Mississippi Today
Mississippi Medicaid expansion bill moves forward in GOP-led House over governor’s opposition
The state’s Republican-led House is expected to vote on Mississippi Medicaid expansion as soon as Wednesday after a committee unanimously approved it Tuesday.
House Bill 1725, authored by Republican House Speaker Jason White and Medicaid Chairwoman Missy McGee, R-Hattiesburg, has bipartisan support in the House, even as the state’s Republican governor continues to oppose the policy.
The morning after Gov. Tate Reeves didn’t mention health care or Medicaid expansion once during his State of the State address, he posted on Twitter “Count me amongst those ‘extreme MAGA Republicans’ who think Government should not run health care.”
During Tuesday’s meeting, McGee explained to committee members that Mississippi during the first two years of expansion would receive an extra $600 million in federal money for Medicaid. She said that amount would cover the state’s share of expansion for four years. After that, under the House plan, hospitals and managed care organizations would pay more taxes to cover the state’s 10% match, with federal funds covering 90% of expansion costs.
“You could almost look at it like the government is giving us a free pilot program, to run for four years,” McGee said during the committee meeting.

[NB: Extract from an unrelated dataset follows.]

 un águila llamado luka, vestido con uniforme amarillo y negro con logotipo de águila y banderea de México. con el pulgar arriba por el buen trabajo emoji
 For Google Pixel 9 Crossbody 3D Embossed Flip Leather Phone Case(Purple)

McGee said hospitals and MCOs would start paying the increased tax in the first year and the state could bank that money, perhaps in a health fund.
The bill, which expands Medicaid eligibility to adults without dependents between the ages of 19 and 65, has a built-in repealer, meaning it would automatically end after four years if lawmakers chose not to renew it.

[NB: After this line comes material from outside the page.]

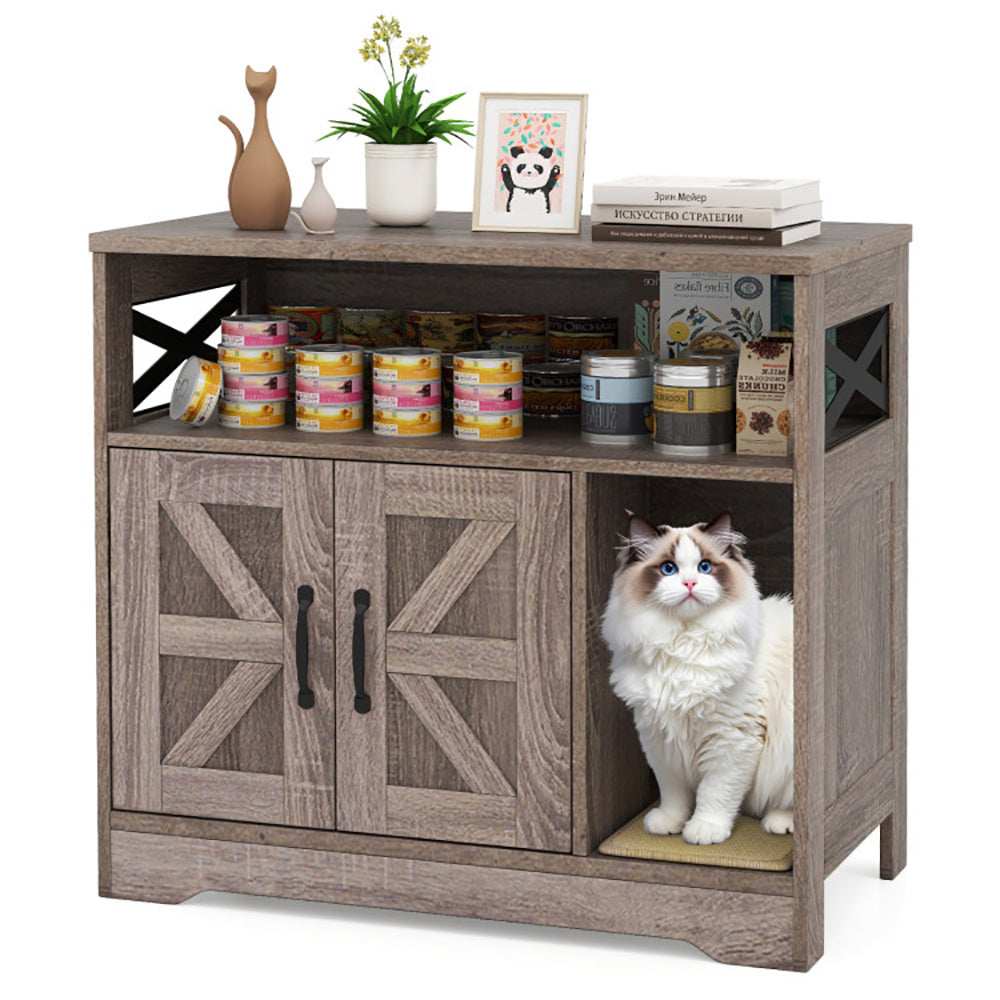 Hidden Cat Litter Box Enclosure Washroom Furniture with Storage - Purrfect Pet Haven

Currently, low-income, adult Mississippians fall into the “coverage gap,” which experts believe is a leading cause of Mississippi’s poor public health metrics – such as leading the nation in preventable deaths, infant and maternal mortality, and lowest life expectancy. Mississippi remains one of only 10 states not to expand Medicaid. Expansion would provide health care to about 200,000 to 250,000 Mississippians, experts said.
The bill would expand Medicaid income eligibility to 138% of the federal poverty level. For a family of four, that would be an annual household income up to about $43,000.

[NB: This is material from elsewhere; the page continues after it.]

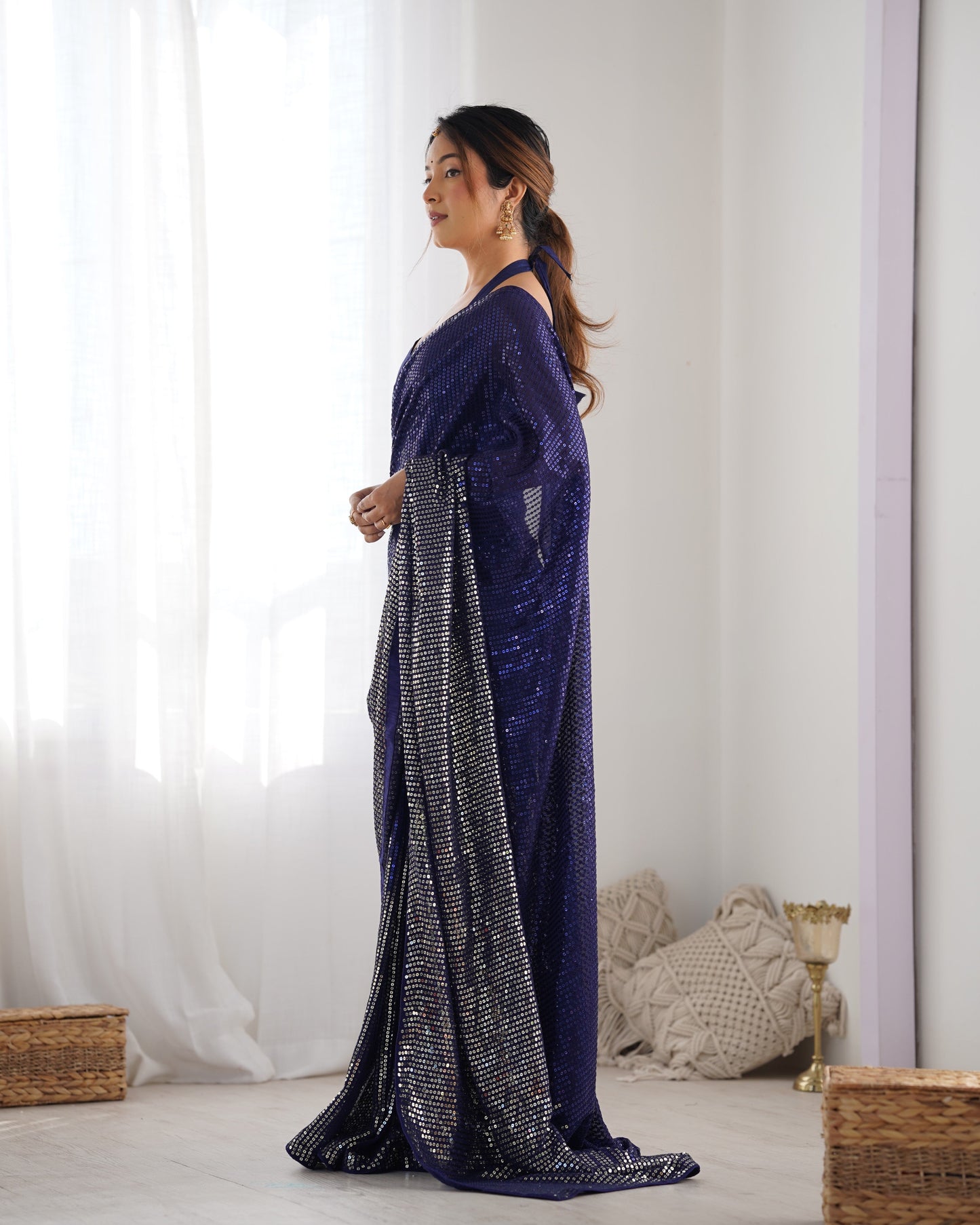 Jyoti Fashion Women's Navy Blue Georgette Sequins Designer Saree with Blouse | Swadesiicart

The House bill has some strict limitations. It would not cover those who are offered health insurance from their employer — even if they couldn’t afford the sometimes very expensive deductibles — and would make those who drop coverage even from the Affordable Care Act exchange wait 12 months before being eligible.
“If it doesn’t work out, if we decide that our health outcomes have not improved, if it costs too much for the state, if for any reason we do not believe that it is doing the things that we want it to do, the program will simply repeal in 2029,” McGee said.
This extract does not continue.